Because José Luis Ricón is one of Manifold’s most visible, free-spending traders and an in-group meme inside the rationalist / EA community that makes up a big slice of Manifold’s user-base. When you combine:
A celebrity-trader who happily bets on questions about his own life – e.g. “Will I [Jose] find a gf before end of 2025?” was written and subsidised by JLR himself
Site mechanics that reward attention-grabbing markets. Tagging a well-known account or topic bumps a question into “hot” feeds, and creators hope JLR will drop large amounts of M$ liquidity that they can arbitrage.
Low friction to create jokey or parasocial markets – it costs nothing to spin up “Is José Luis Ricón… GOD?” or “Will JLR ever turn into roadkill by 9999?”
A running in-joke culture. A handful of power-users (notably “infiniteErgodicity” and “RiconomeFangirl”) keep riffing on ever-more-absurd prompts, and other users pile on for karma, laughs and league points.
JLR’s own success and status on the platform.

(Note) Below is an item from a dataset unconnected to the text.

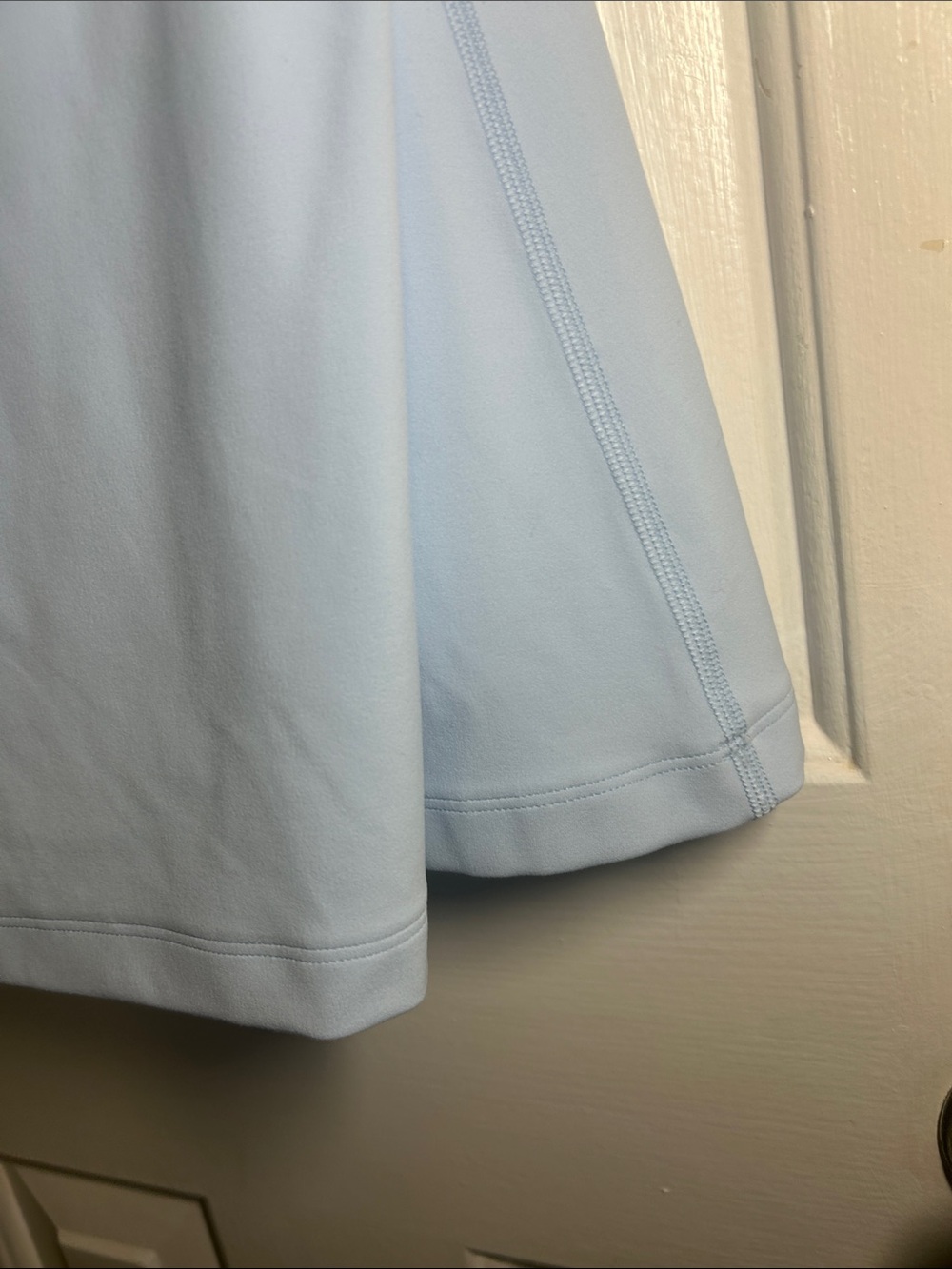 Lululemon Align dress with shorts, Windmill, Size 8 - Picture 2 of 6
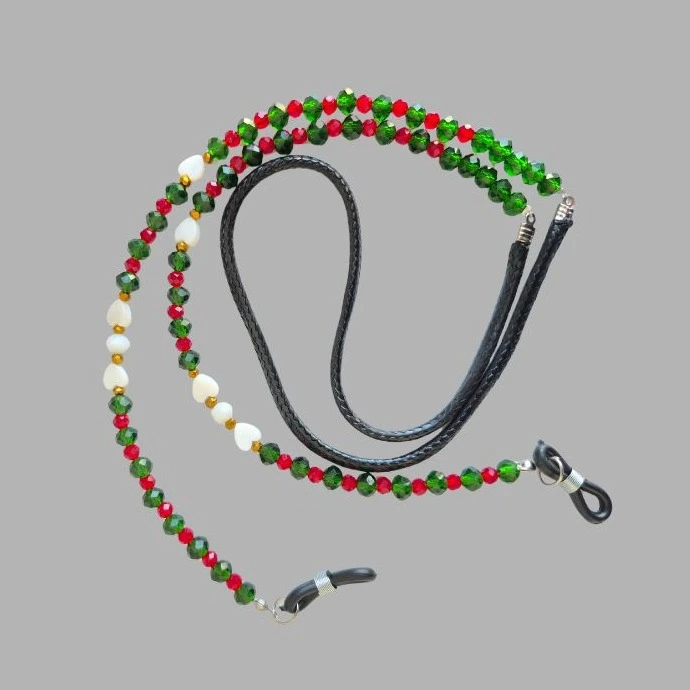 بند عینک مدل مهره ای کد N1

He routinely appears at or near the top of Manifold’s monthly profit leaderboards, so anything with his name on it gets extra eyeballs and bets
…you get a positive feedback loop: more JLR markets → more JLR bets → higher visibility → even more JLR markets. By now there’s even a dedicated topic page listing dozens of them, from whether he’ll get a standing ovation at LessOnline to whether somebody will mod him into Civilization VII .
In short, the glut of JLR questions is half financial (people want his mana), half social (he’s a well-liked community figure), and half pure meme momentum—Manifold’s culture makes it very easy for that trifecta to snowball.